Officials described the Tulsa shooting as targeted. Chief Franklin said the gunman, identified by officials as Michael Louis, had a letter with him explaining that he wanted to kill Dr. Preston Phillips, who performed back surgery on him last month, as well as anyone who got in his way. Chief Franklin said the gunman had complained of continuing pain since being discharged from the hospital, and had returned for a follow-up visit the day before the attack.

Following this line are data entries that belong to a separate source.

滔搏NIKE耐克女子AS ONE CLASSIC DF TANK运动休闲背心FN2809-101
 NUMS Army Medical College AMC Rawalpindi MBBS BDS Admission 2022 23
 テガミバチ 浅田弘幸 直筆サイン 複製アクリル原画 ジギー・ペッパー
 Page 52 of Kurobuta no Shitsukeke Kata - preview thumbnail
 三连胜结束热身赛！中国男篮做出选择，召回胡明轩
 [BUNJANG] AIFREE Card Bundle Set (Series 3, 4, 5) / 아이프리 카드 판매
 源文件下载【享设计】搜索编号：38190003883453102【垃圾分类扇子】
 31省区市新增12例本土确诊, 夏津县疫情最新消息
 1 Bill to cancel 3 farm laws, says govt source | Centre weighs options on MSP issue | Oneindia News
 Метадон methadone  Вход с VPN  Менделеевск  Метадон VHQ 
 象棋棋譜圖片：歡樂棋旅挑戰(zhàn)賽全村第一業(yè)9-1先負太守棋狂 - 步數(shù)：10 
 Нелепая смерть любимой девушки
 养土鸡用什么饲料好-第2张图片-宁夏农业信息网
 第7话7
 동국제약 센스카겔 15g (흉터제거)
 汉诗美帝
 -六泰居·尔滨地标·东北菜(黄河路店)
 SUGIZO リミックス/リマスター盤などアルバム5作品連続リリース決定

Hospital officials described Dr. Phillips as a caring physician who sometimes ran late for his appointments because he spent extra time with his patients. The authorities say the gunman also killed Dr. Stephanie Husen, who practiced sports medicine; Amanda Glenn, an office worker with a supervisory role; and William Love, an Army veteran whose family said he sacrificed himself to save his wife.

The Tulsa shooting was not even the first mass shooting in Oklahoma since the Uvalde massacre on May 24. On Sunday, at a Memorial Day Weekend festival, eight people ranging in age from 9 to 56 were shot at the Old City Square of Taft, Okla., a small town about 40 miles from Tulsa. A 39-year-old woman died in that shooting.

In Chattanooga, Tenn., where six teenagers were shot as a group fought last weekend, Mayor Tim Kelly called for expanding background checks and so-called red flag laws, as well as raising the minimum age to buy certain weapons.

“Kids have always gotten into scuffles with each other,” Mr. Kelly wrote on Twitter. “That’s a tale that’s as old as time. What is new is now they have access to handguns and firearms that leave behind bodies instead of bruised egos.”

President Biden, a longtime supporter of stricter gun laws, addressed the country on Thursday night about the recent spate of shootings. But even as Republicans and Democrats in the Senate have been meeting in recent days to see if they can reach an agreement on legislation about guns, mental health and school safety, there is widespread skepticism that any sweeping deal will emerge.

“Our leaders ignore, gloss over or refuse to address the complex challenges and difficulties facing our country and communities,” Kendra Horn, a former Democratic congresswoman from Oklahoma who is running for the Senate, said after the Tulsa shooting.